È questo il risultato di mesi di accese discussioni e baruffe sulla direttrice Belgrado-Pristina, due capitali che però continuano, con alti e bassi, a lavorare per la normalizzazione dei rapporti bilaterali. Belgrado e Pristina, ha annunciato domenica sera l’Unione europea, che hanno raggiunto «un accordo per un’ulteriore implementazione dell’accordo sulle telecomunicazioni». La nuova intesa prevede espressamente la concessione di «un codice di tre cifre, allocato dall’Unione internazionale delle telecomunicazioni al Kosovo», ossia un prefisso internazionale per l’ex provincia serba. Spariranno, e non saranno rimpianti, i prefissi attuali in uso, il +381 serbo per chiamare la rete fissa, e i +386 sloveno e +377 del principato di Monaco, utilizzati per le chiamate sui cellulari, ha fatto sapere Pristina.

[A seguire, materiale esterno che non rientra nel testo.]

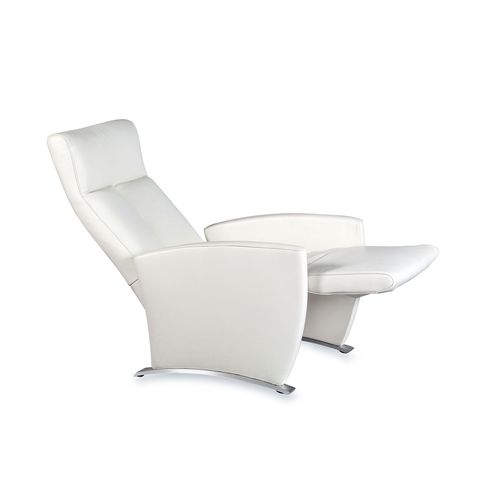 Moderner Relaxsessel - Duo - STRÄSSLE Switzerland AG - Leder / mit Fußstütze / schrägstellbar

Che cosa cambia? Molto, almeno per il Kosovo. «La nostra nazione avrà il proprio prefisso telefonico, come altri Stati, e avrà piena sovranità sul codice», il messaggio non troppo implicito lanciato dal ministro kosovaro Edita Tahiri, fra le fautrici di un accordo accolto con entusiasmo in Kosovo. Tahiri che ha confermato che il Kosovo riceverà il codice +383, entro metà dicembre.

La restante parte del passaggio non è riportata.